C.      Appellant’s Intent

          In his third and fourth points of error, appellant argues that, since E.J. could only see his exposed penis by looking through the open passenger-side window of the car, the State did not prove his intent to arouse or gratify himself. However, the State never alleged that appellant intended to arouse his own sexual desire. Rather, the State alleged that appellant intended to arouse the sexual desire of E.J.

          1.       Legal Sufficiency

          Appellant followed E.J. and A.D., even as they quickened their pace in an effort to avoid him. Also, appellant smiled at the girls and repeatedly asked the girls how old they were and if they needed a ride. Further, both E.J. and A.D. testified that they could see appellant masturbating his exposed penis when they looked through the open passenger-side window of appellant’s car. Moreover, when E.J. saw boys she knew and called out to them, appellant quickly sped away.

          It was reasonable for the jury to infer from appellant’s conduct, his remarks, and the surrounding circumstances that he intended to arouse or gratify E.J.’s sexual desire. Viewing the evidence in the light most favorable to the jury’s verdict, we conclude that a rational jury could have found the evidence sufficient beyond a reasonable doubt to prove that appellant had the requisite intent to arouse or gratify E.J.’s sexual desire.

 

          2.       Factual Sufficiency

          Appellant followed along side E.J. and A.D. for two to five minutes with the window closest to the girls open. Through this window, appellant attempted to engage E.J. and A.D. in conversation, offering the girls a ride and smiling at them. In such a situation, appellant should have anticipated that E.J. would look through the open window to respond to him. Indeed, an open window is certainly not indicative of an effort to conceal one’s actions.

          It was reasonable for the jury to conclude that appellant’s actions were meant to arouse or gratify E.J.’s sexual desire. Therefore, we conclude that the evidence regarding appellant’s intent to arouse or gratify the sexual desire of E.J. was not so obviously weak as to undermine confidence in the jury’s determination and was not greatly outweighed by contrary proof.

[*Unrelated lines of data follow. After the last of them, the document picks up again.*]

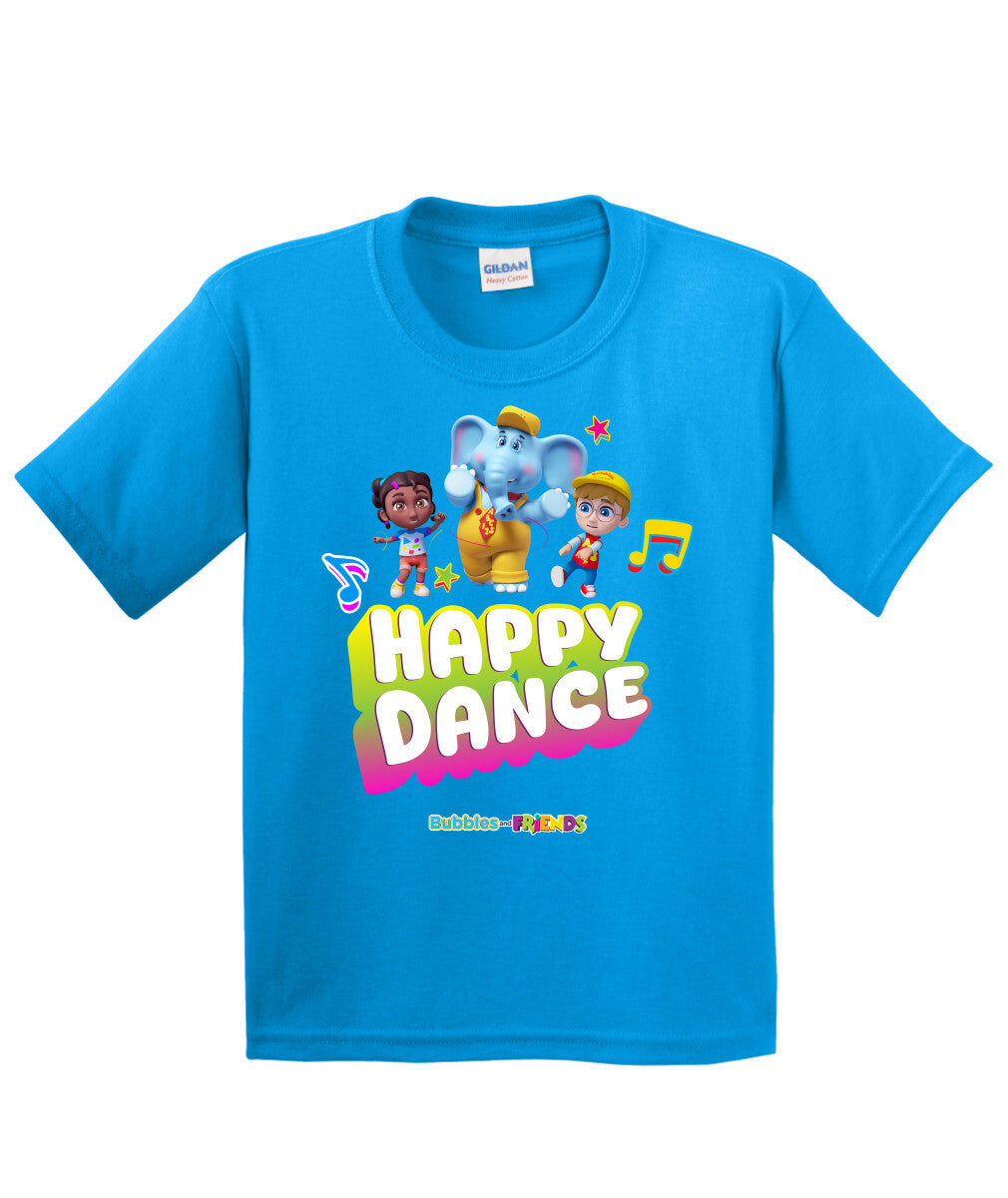 Bubbles and Friends – Happy Dance Collection Happy Dance Children T-Shirt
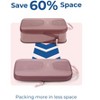 Generic Compression luggage for Travel, 6 Set luggage for Suitcases, Lightweight Suitcases Organizers Bag Set - 4 of 4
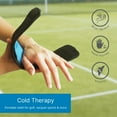 thumbnail image 4 of NatraCure Cold Pack Wrap (Regular) with 14" Strap - Reusable Gel Ice Pack Compress for Injuries and Pain Relief, Hand, Arch of Foot, Wrist, Elbow, Arthritis, Neuropathy - 715 CAT, 4 of 8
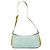 Gucci 001 4152 Borsa a Tracolla GG Azzurro e Giallo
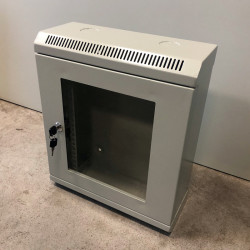 10" rack jednodielny 9U/140 DATACOM Šedý Skl. dv.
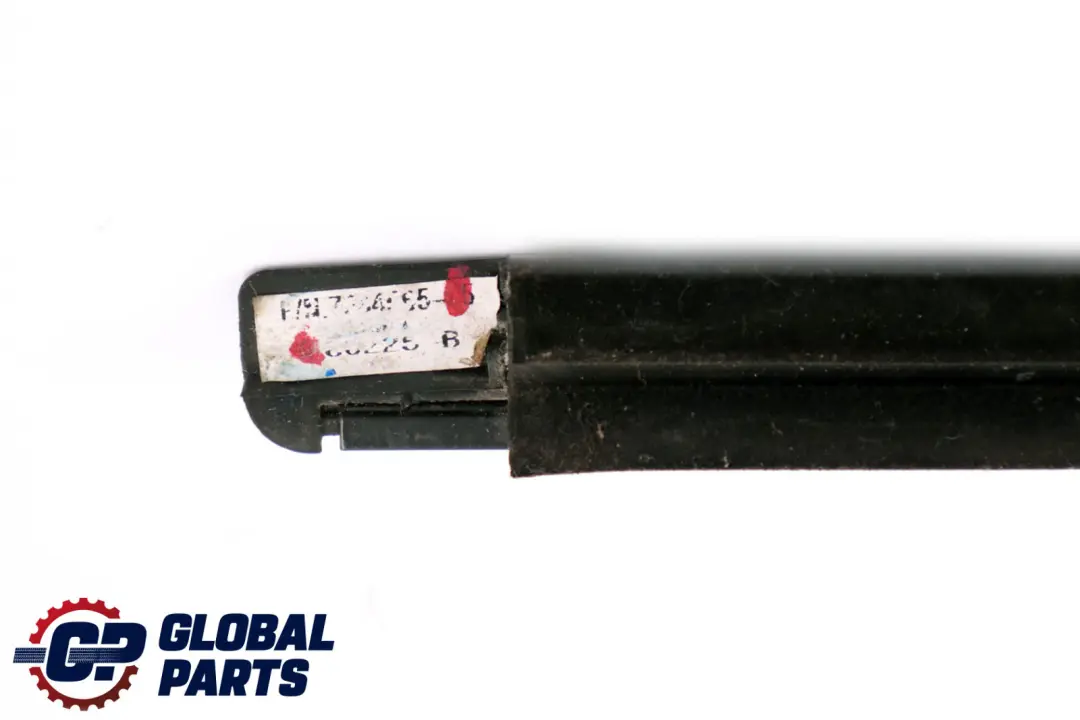 BMW F21 F22 Channel Sealing Strip Door Front Left N/S Glanzschwarz - SKU 7284565 - Part number 7284565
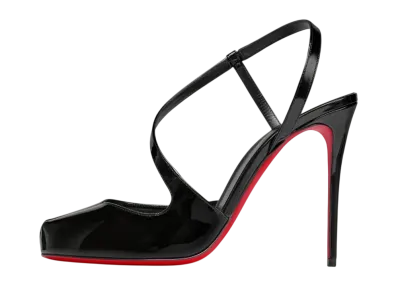 Christian Louboutin × Maison Margiela Women's Loubiella "Black"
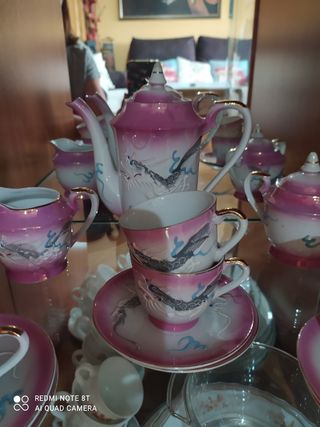 Juego de café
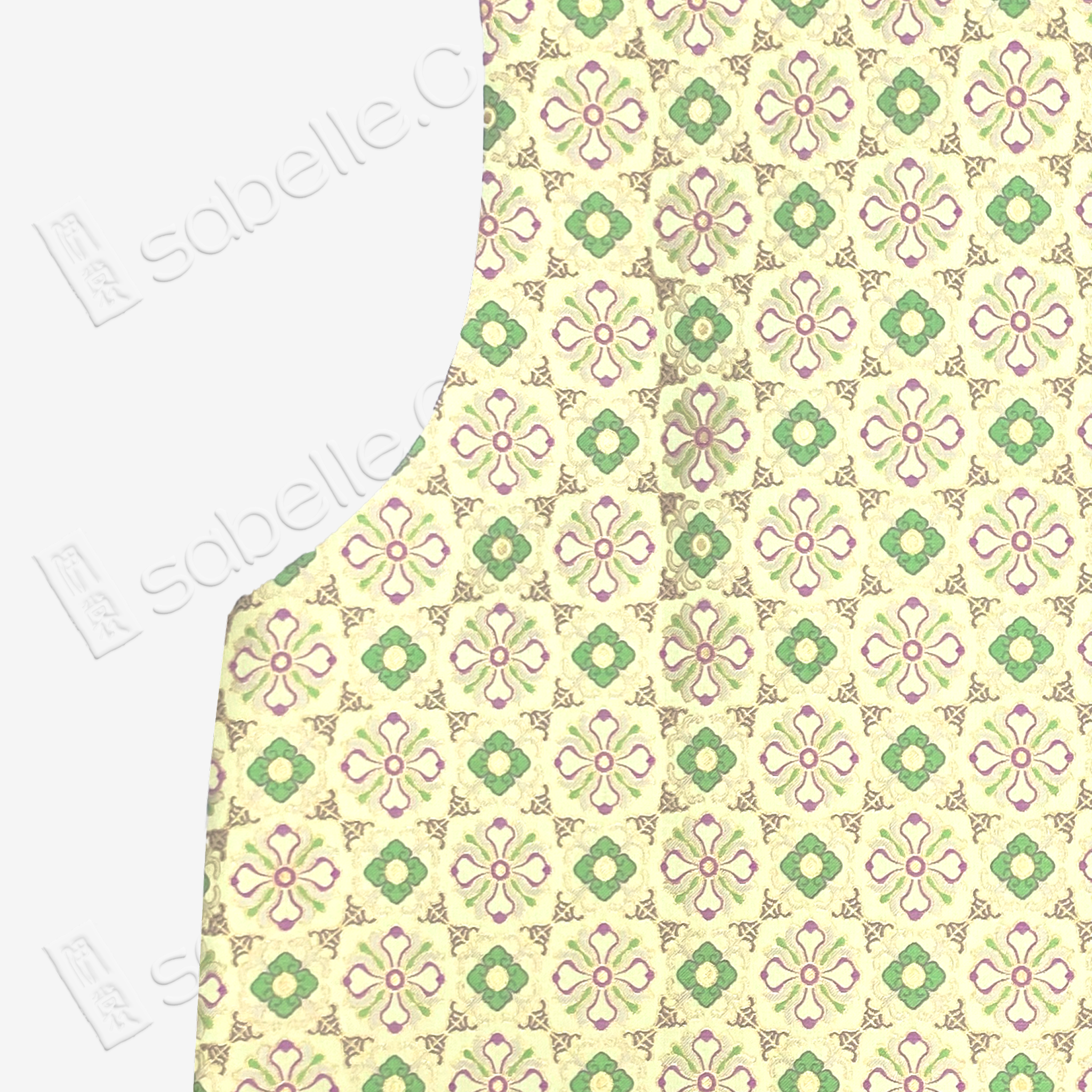 Chinese Brocade Vest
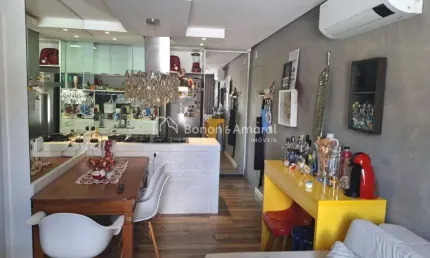 Viva com Estilo: Apartamento Sofisticado no Jardim Santa Genebra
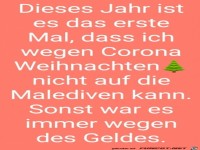 Wegen Corona nicht auf den Malediven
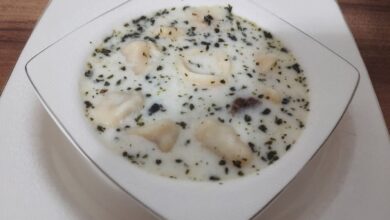 Şiş Börek Çorbası tarifi nasıl yapılır? | Şiş börek çorbası malzemeleri, yapılışı ve püf noktaları 16 Şiş Börek Çorbası tarifi nasıl yapılır? | Şiş börek çorbası malzemeleri, yapılışı ve püf noktaları- Diğer Sporlar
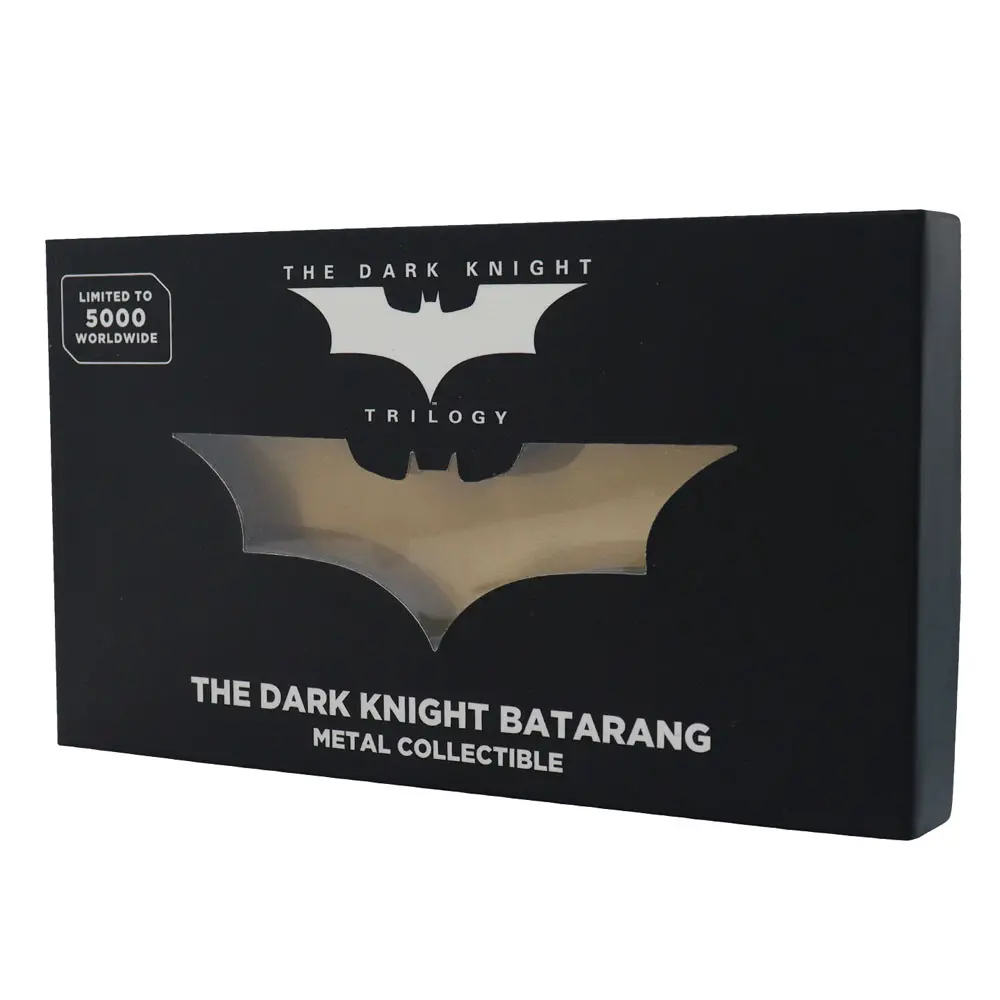 The Dark Knight Replica Batman Batarang Ediție Limitată 18 cm poza produsului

          Having found the evidence concerning appellant’s intent to be both legally and factually sufficient to support appellant’s conviction, we overrule appellant’s third and fourth points of error.

 

 

 

 

 

 

CONCLUSION

          We affirm the trial court’s judgment.




                                                             Laura Carter Higley

                                                             Justice

 

Panel consists of Justices Hedges, Nuchia, and Higley.

Do not publish. Tex. R. App. P. 47.2.